__Problem__.
Omitting all images, transcribe the listing word for word.

__Information supplied__.
□ □ □ □ □

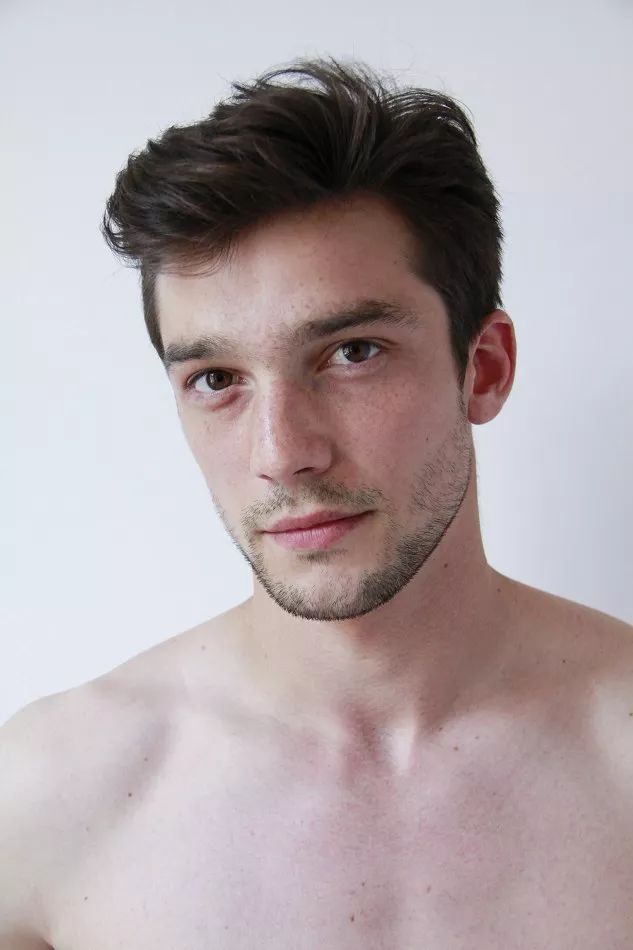 素颜比硬照更加帅气的法国男模alexis petit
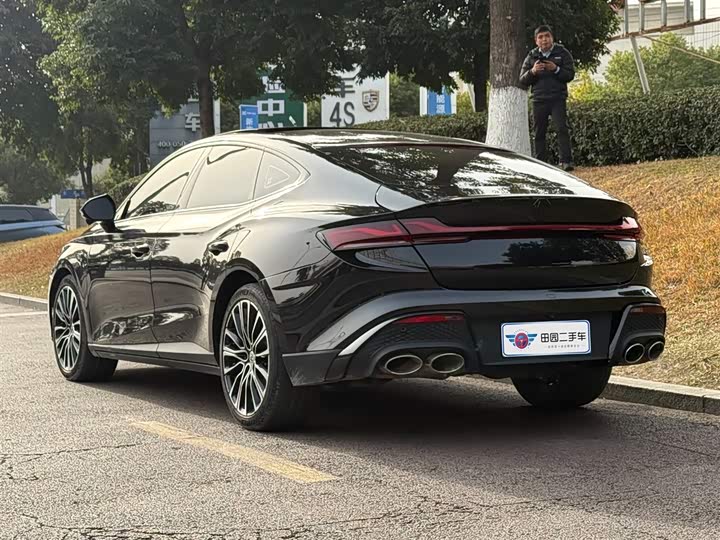 Фото 4 - MG Motor 7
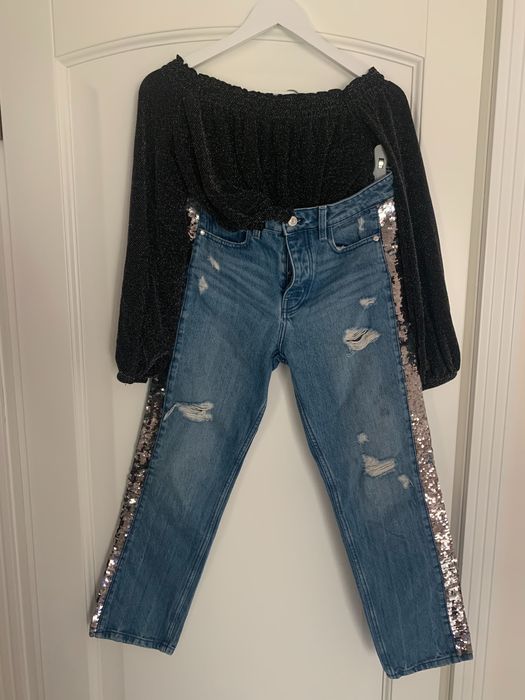 Blugi GUESS rupți cu paiete ,mărime 26(echivalent XS)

□ □ □ □ □

__Result of the exercise__.
 素颜比硬照更加帅气的法国男模alexis petit
 Фото 4 - MG Motor 7
 Blugi GUESS rupți cu paiete ,mărime 26(echivalent XS)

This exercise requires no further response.